The new President has shown little interest when it comes to national security issues. And it ain't just the pressing issues having to do with the collapsing economy. And he doesn't seem to have many answers on that front either. But appointing a lobbyist to run the Pentagon raises serious questions about the President's commitment to change in Washington. But Lyon was only a tip of the iceberg. Previously, Mr.Obama had picked a political hack, Leon Panetta, as the new CIA Director. He kept Bush's Secretary of Defense. He chose another political hack, Hillary Clinton, as the Secretary of State. This suggests to me that we have a President who is willing to politicize national defense, much like his disastrous predecessor. And lets not forget what happened with Bush: 9-11 happened. And let's not forget that Clinton faced a World Trade Center attack just weeks into his presidency. Given this President's lack of national defense expertise, we expect another major attack on America:
The Senate voted 93 to 4 on Wednesday to confirm William J. Lynn III as deputy defense secretary, which will put a former military lobbyist in charge of day-to-day operations at the Pentagon.

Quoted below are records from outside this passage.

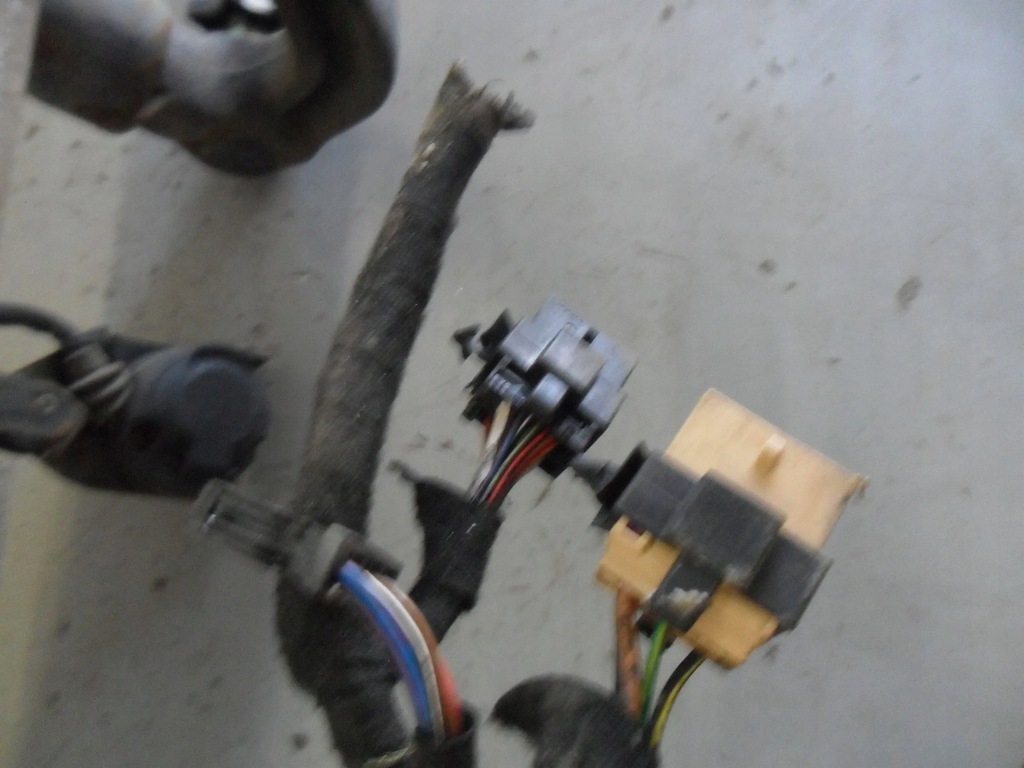 фото №9, Audi a6 c5 2002 kombi hak буксирувальний do буксирування westfalia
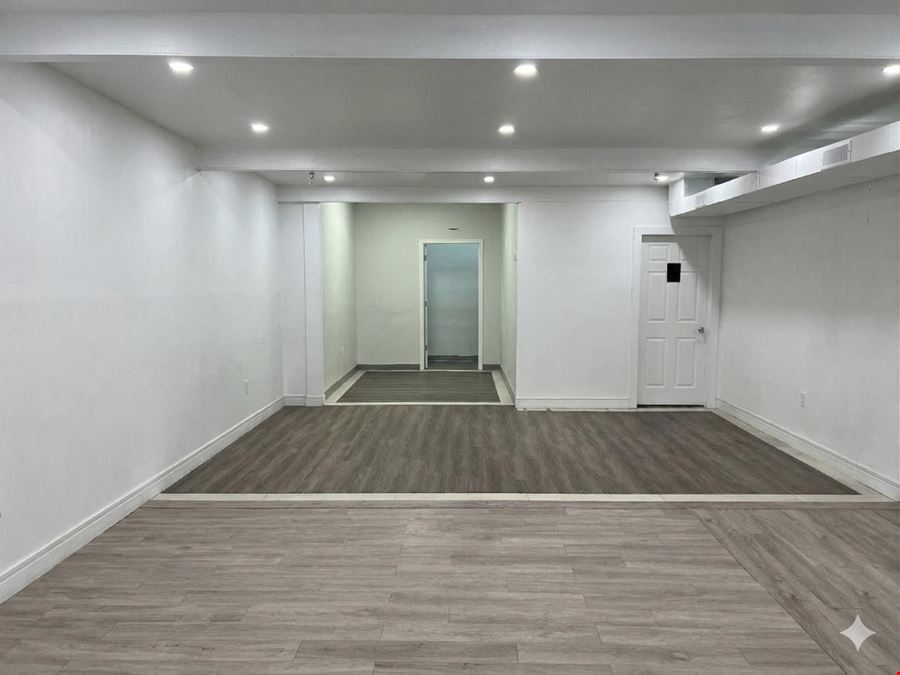 50 WEYBRIGHT COURT, Units #24-#25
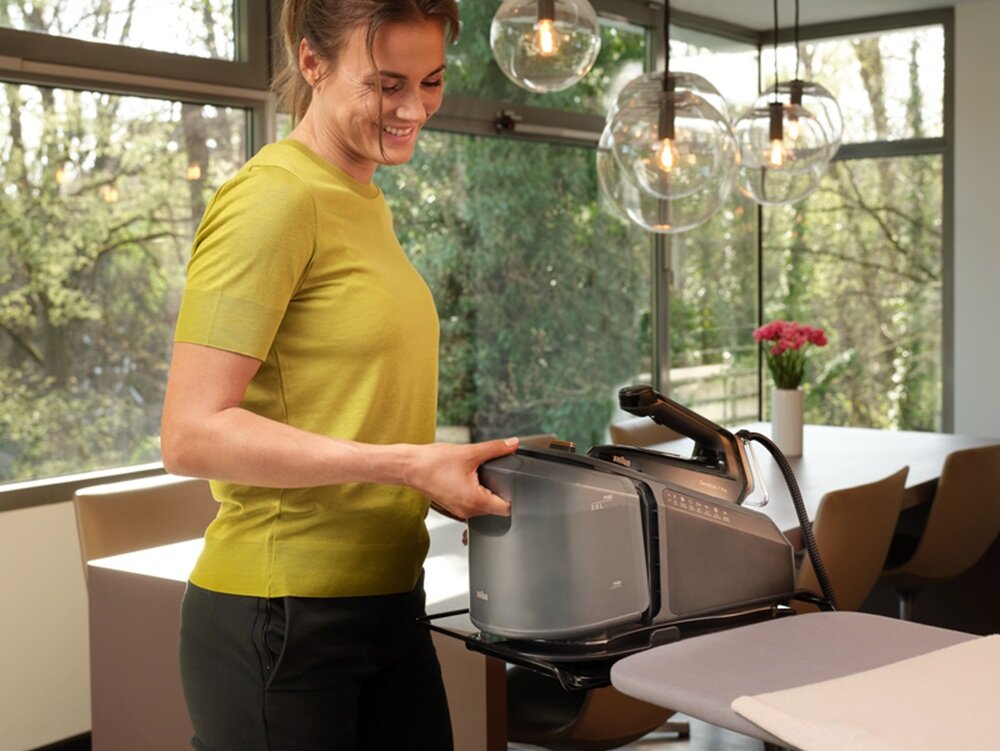 Generator pary BRAUN IS7298CP Care Style 7 Pro wyjmowany zbiornik na wodę, długi czas pracy, wygodne prasowanie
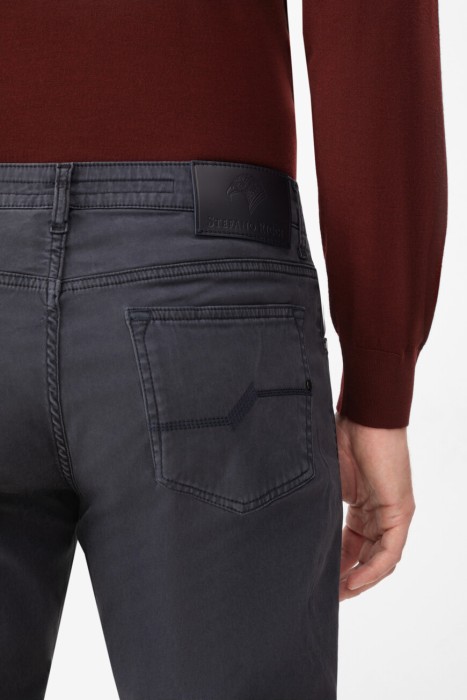 Товар синего цвета с внутренней стороны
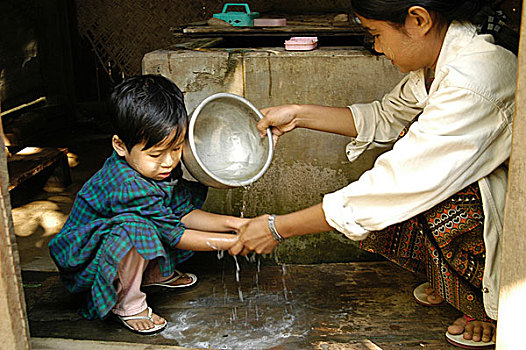 女孩,手,肥皂,纯净水,卫生,卫生间,学校,跑,教堂,北方,乡村,地区,缅甸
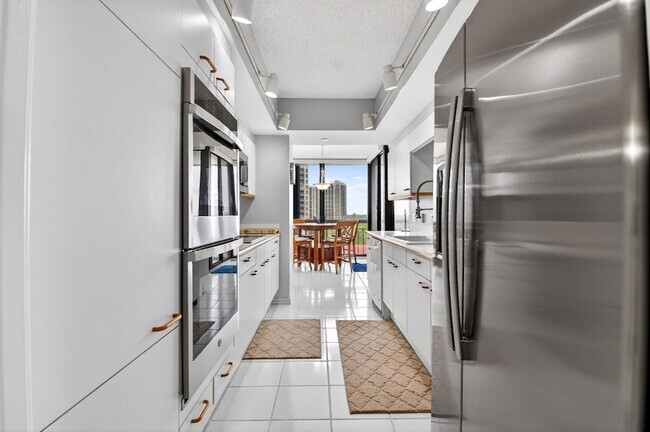 Building Photo - 4100 N Ocean Dr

The Senate Intelligence Committee, meeting in closed session, approved without opposition the nomination of Leon E. Panetta to head the Central Intelligence Agency, a committee spokesman, Philip LaVelle, said.
Mr. Panetta, a former congressman who was chief of staff for President Bill Clinton, has no direct intelligence-gathering or analysis experience. Mr. Obama said he was selected because of his managerial skills and ability to repair the agency’s relationship with Congress.
Not to mention the Obama administration's backsliding on his opposition to the fascist tactics of George W.:
Bad news today for people who were hoping that Barack Obama would roll back some of the imperial executive which Bush, Cheney and their wacky legal theorists built over the last eight years. The new administration's lawyers picked up a questionable legal theory from the old administration, that national security trumps due process of law.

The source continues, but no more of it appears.